Stored data>
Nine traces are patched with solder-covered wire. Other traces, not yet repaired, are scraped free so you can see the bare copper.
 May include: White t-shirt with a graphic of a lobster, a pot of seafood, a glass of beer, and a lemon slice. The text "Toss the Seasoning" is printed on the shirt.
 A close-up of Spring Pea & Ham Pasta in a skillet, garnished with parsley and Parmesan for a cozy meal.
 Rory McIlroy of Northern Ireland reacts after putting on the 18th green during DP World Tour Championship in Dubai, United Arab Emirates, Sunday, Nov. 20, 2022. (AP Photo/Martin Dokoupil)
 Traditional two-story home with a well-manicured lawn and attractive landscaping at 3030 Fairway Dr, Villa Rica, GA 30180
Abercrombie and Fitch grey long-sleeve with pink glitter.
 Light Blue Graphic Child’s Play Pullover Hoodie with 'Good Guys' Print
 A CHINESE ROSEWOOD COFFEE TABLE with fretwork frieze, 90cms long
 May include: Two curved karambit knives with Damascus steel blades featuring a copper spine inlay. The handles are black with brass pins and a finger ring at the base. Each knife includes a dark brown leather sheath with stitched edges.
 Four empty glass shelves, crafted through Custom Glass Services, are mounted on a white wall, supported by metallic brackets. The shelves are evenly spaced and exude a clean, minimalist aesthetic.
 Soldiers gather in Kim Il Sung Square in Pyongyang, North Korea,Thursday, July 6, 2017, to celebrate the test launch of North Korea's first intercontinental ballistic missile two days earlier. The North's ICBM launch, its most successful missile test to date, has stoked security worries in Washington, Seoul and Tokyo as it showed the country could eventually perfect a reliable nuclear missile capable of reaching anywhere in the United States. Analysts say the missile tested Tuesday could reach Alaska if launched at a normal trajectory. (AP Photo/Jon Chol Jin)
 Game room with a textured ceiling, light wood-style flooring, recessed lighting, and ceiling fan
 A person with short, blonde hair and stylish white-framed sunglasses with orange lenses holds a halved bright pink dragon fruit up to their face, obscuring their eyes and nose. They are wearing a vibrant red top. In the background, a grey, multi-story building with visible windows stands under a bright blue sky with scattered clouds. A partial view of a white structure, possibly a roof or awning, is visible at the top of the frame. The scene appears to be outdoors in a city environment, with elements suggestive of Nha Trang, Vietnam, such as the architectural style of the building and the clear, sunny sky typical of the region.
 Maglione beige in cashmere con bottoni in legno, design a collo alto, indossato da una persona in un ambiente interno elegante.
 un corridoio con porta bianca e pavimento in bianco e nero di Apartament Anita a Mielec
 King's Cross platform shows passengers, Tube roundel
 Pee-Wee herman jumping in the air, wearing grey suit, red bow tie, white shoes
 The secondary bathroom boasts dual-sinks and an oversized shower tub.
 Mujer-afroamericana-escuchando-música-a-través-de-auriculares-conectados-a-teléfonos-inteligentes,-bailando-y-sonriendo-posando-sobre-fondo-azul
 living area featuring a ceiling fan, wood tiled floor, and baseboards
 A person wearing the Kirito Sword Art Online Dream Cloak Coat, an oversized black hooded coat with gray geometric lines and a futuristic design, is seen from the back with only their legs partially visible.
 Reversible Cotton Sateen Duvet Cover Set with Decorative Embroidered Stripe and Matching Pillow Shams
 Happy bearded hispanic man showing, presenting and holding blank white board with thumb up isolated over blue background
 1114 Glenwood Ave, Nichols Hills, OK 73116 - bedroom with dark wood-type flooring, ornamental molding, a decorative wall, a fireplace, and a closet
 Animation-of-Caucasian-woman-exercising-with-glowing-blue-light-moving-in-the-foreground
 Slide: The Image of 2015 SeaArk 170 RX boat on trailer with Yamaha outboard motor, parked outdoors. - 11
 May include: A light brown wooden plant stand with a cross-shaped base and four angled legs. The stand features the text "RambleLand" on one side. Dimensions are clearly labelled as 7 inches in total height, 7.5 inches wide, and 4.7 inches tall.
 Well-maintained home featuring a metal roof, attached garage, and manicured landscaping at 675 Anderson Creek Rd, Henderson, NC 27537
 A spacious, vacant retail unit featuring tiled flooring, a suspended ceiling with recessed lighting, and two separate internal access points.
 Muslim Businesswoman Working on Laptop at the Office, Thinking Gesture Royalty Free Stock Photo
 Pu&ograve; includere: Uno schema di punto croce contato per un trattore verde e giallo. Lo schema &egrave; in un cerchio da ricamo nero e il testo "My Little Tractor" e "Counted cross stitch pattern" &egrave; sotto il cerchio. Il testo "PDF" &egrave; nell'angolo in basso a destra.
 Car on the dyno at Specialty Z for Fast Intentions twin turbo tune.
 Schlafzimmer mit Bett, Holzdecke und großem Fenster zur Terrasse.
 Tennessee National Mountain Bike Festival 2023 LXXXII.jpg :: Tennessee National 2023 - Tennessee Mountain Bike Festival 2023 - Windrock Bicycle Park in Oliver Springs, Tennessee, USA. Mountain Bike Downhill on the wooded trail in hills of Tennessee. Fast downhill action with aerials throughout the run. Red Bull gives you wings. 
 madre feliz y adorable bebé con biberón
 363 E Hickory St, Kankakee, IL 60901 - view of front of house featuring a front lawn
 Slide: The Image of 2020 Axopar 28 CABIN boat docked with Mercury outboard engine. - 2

Description of the task>
Reproduce exactly the stretch of the material above that starts at the line with "Traditional two-story home" and ends at the line with "A CHINESE ROSEWOOD", both included, and nothing else.

Solved problem>
 Traditional two-story home with a well-manicured lawn and attractive landscaping at 3030 Fairway Dr, Villa Rica, GA 30180
Abercrombie and Fitch grey long-sleeve with pink glitter.
 Light Blue Graphic Child’s Play Pullover Hoodie with 'Good Guys' Print
 A CHINESE ROSEWOOD COFFEE TABLE with fretwork frieze, 90cms long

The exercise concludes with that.